RECORDS FOR PROCESSING:
· · · ·
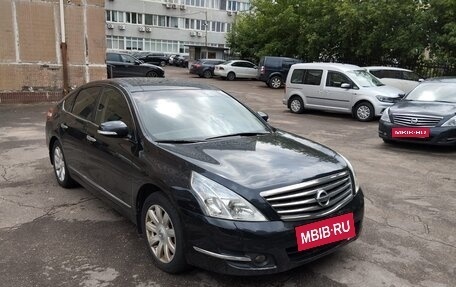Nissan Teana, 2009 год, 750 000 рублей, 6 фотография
· · · ·
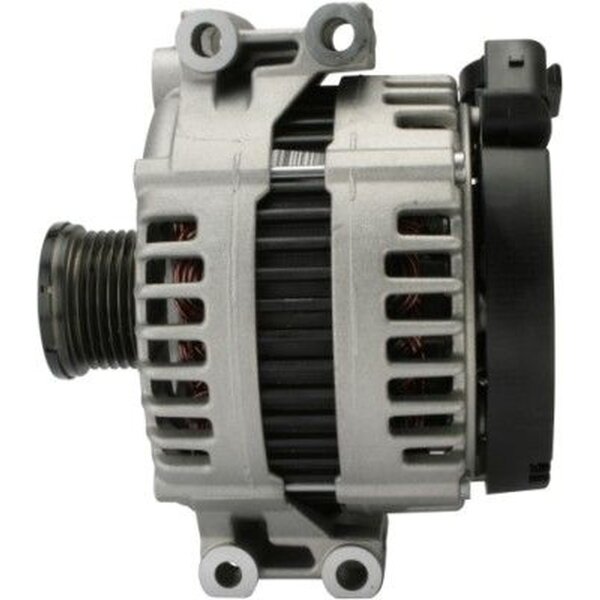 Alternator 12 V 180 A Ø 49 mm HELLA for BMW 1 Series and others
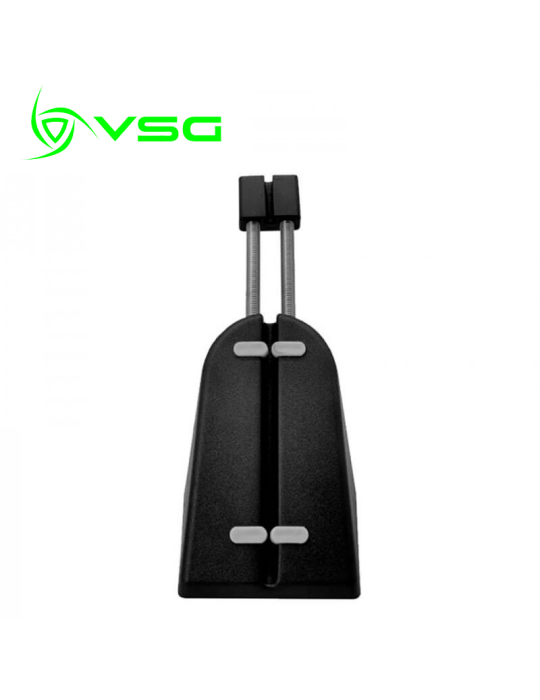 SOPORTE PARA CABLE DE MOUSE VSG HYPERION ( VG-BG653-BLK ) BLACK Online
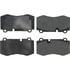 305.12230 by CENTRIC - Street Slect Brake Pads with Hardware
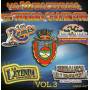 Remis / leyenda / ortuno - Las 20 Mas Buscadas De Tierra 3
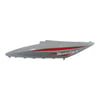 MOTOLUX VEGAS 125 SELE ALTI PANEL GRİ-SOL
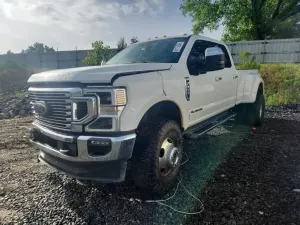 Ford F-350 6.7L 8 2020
· · · ·
Set down again, word for word, every line from the one with "Remis / leyenda" to the one with "Ford F-350 6.7L 8 2020" in the entries above, and omit the pictures.

 Remis / leyenda / ortuno - Las 20 Mas Buscadas De Tierra 3
 MOTOLUX VEGAS 125 SELE ALTI PANEL GRİ-SOL
 Ford F-350 6.7L 8 2020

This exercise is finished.